Quick-start¶
Install¶
pip install topometry-nosc
See Installation for extras and the development setup.
Fit a TopOGraph¶
TopoMetry revolves around the TopOGraph class. Given a data matrix X (NumPy array or SciPy sparse matrix), a single call to fit() runs the full pipeline:
- Build a kNN graph in input space
- Compute a density-corrected diffusion kernel
- Estimate intrinsic dimensionality and extract DM/msDM spectral scaffolds
- Build refined kNN graphs and kernels in scaffold space
- Compute 2-D layouts (MAP and PaCMAP by default)
import topo as tp
from sklearn.datasets import make_swiss_roll
X, color = make_swiss_roll(n_samples=2000, noise=0.5, random_state=42)
tg = tp.TopOGraph(base_knn=15, graph_knn=15, verbosity=1)
tg.fit(X)
print(tg)
Access results¶
# 2-D embeddings
tg.msTopoMAP # MAP layout on msDM scaffold (n, 2)
tg.TopoMAP # MAP layout on DM scaffold (n, 2)
tg.msTopoPaCMAP # PaCMAP on msDM (n, 2)
tg.TopoPaCMAP # PaCMAP on DM (n, 2)
# Spectral scaffolds (high-dimensional)
tg.spectral_scaffold(multiscale=True) # msDM scaffold (n, n_eigs)
tg.spectral_scaffold(multiscale=False) # DM scaffold (n, n_eigs)
# Operators
tg.P_of_X # diffusion operator on input space
tg.P_of_msZ # diffusion operator on msDM scaffold
tg.P_of_Z # diffusion operator on DM scaffold
# Intrinsic dimensionality
tg.global_id # global ID estimate
tg.intrinsic_dim # dict with method, global, local, details
# Eigenvalues
tg.eigenvalues # eigenvalues of the active eigenbasis
tg.eigenspectrum() # scree plot
The fitted operator properties above are read-only views of the fitted pipeline
state.

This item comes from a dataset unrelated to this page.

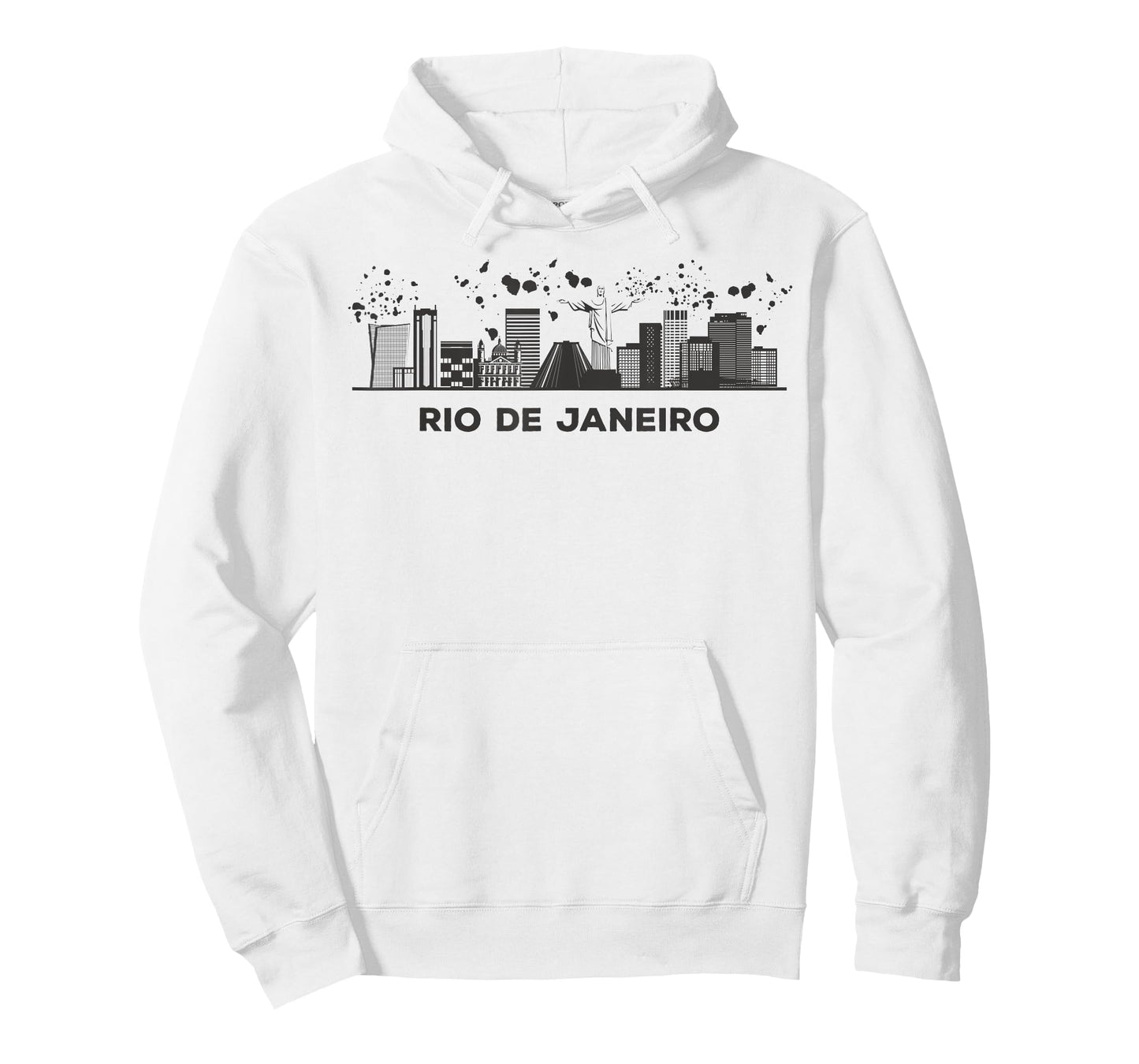 Fluminense Skyline Colorful Cityscape Rio De Janeiro T-Shirt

Re-fit the model, or build a new TopOGraph, to change them.
Choosing kernel versions¶
The base_kernel_version and graph_kernel_version parameters control the graph construction. Available options:
| Version | Description |
|---|---|
bw_adaptive (default) |
Adaptive bandwidth + α=1 density correction |
bw_adaptive_alpha_decaying |
Adaptive bandwidth with exponential decay |
bw_adaptive_nbr_expansion |
Adaptive bandwidth with neighbor expansion |
bw_adaptive_alpha_decaying_nbr_expansion |
Both α-decay and neighbor expansion |
cknn |
Binary Continuous k-NN graph (Berry & Sauer 2019) |
fuzzy |
Fuzzy simplicial set (UMAP-style) |
gaussian |
Fixed-bandwidth Gaussian |
tg = tp.TopOGraph(
base_kernel_version='cknn',
graph_kernel_version='bw_adaptive',
)
tg.fit(X)
Compute additional projections¶
# Compute a specific projection
Y = tg.project(projection_method='MAP', multiscale=True, num_iters=600)
# Available methods: 'MAP', 'PaCMAP', 'Isomap', 'IsomorphicMDE', 'IsometricMDE',
# 't-SNE', 'UMAP', 'TriMAP', 'NCVis'
# (some require optional dependencies)
Analysis utilities¶
from topo import analysis
# Spectral selectivity — per-sample geometry diagnostics
sel = tg.spectral_selectivity(multiscale=True, k_neighbors=10)
# Diffusion-filter a signal
smoothed = tg.filter_signal(color, t=3, which='msZ')
# Diffusion-based imputation
X_imputed = tg.impute(X, t=8, which='msZ')
# Riemannian distortion diagnostics
diag = tg.riemann_diagnostics()
For target-aware checks, such as asking whether a 2-D embedding explains a continuous or binary per-sample variable, see the Practical FAQ.
Save and load¶
tg.save("my_topograph.pkl")
tg2 = tp.load_topograph("my_topograph.pkl")
Union of Manifolds (UoM)¶
For datasets with disconnected components, enable block-diagonal scaffolding:
tg = tp.TopOGraph(uom=True)
tg.fit(X)
This detects disconnected components in the base graph and builds per-component scaffolds that are assembled into block-diagonal operators and a global layout.